Did all my Users receive push notifications?
As we can see retries here, did it mean that some of my users can be spammed by few same pushes?

Thank in advance!

Answer 1 · 2020-11-19T09:34:11.000Z

Are you running on GAE?

To your questions:

5 seconds was recommended as a reasonable time for a connection to succeed in a server environment to prevent tying up execution flow
the error appears either because FCM is down or there are connectivity issues from your VM to FCM API
I can't tell unless I can see the requests eventually getting successful in your logs
Nope

Answer 2 · 2020-11-19T09:54:29.000Z

@olucurious Hi, I use AWS and ECS.
How it works.
I have a Django app where I create a task for Celery -> Celery run code for send push.

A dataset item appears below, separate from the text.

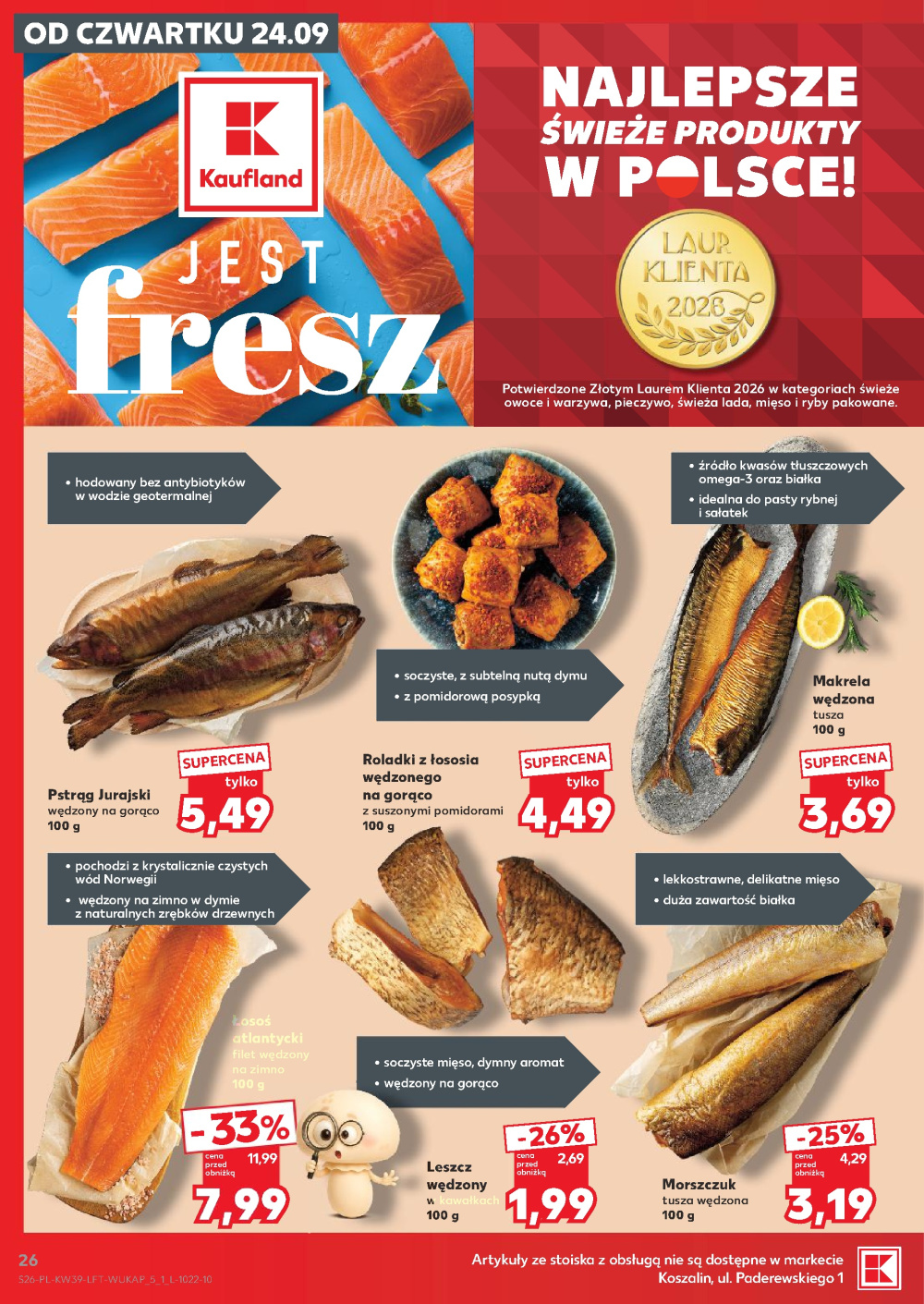Leták Kaufland gazetka Cieszyn, Polsko - strana 26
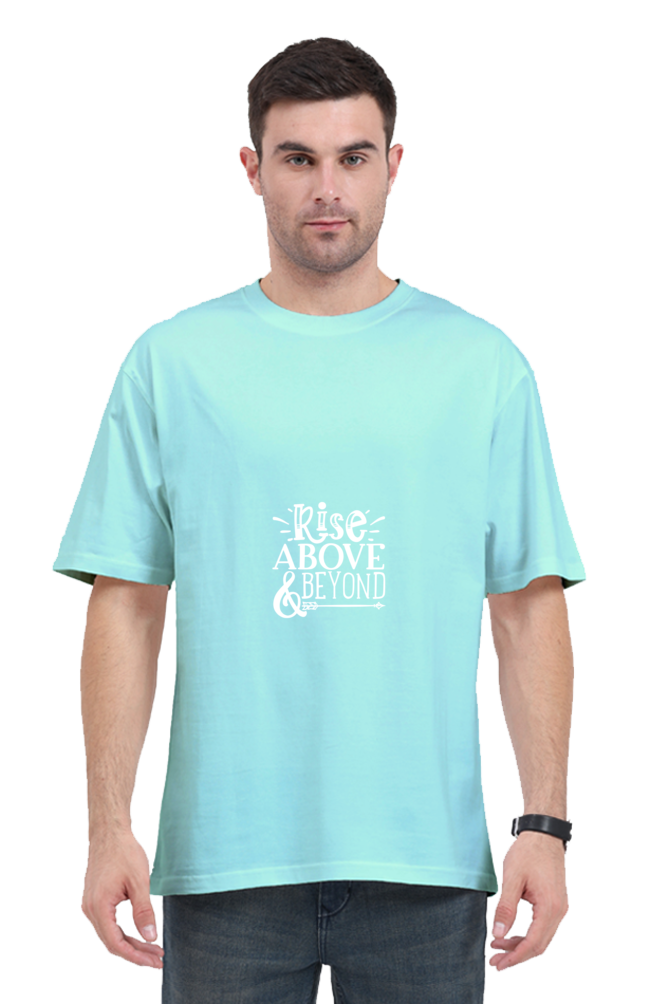 Men Motivational Oversized Classic T Shirt  - Rise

I can see this warnings in my logs

[2020-11-18 19:04:33,119: INFO/MainProcess] Received task: contents.tasks.send_push_task[38226327-ae31-4fbb-a01c-5836898c9688]

[2020-11-18 19:04:38,451: WARNING/ForkPoolWorker-2] Retrying (Retry(total=9, connect=None, read=None, redirect=None, status=None)) after connection broken by 'ReadTimeoutError("HTTPSConnectionPool(host='fcm.googleapis.com', port=443): Read timed out. (read timeout=5)")': /fcm/send

[2020-11-18 19:05:11,130: INFO/ForkPoolWorker-2] Task contents.tasks.send_push_task[38226327-ae31-4fbb-a01c-5836898c9688] succeeded in 38.00989336697967s: None

By the way I got 2 same pushes on my phone, thats why i thought that it can be send twice.

What I thought.
We send request to FCM but wait only 5 seconds, we didnt get response (because we wait it no more 5 sec, but it not mean that it not finished successful) -> than retries with the same IDs, so we got few pushes, but maybe retries only happen on errors except this one (ReadTimeoutError)?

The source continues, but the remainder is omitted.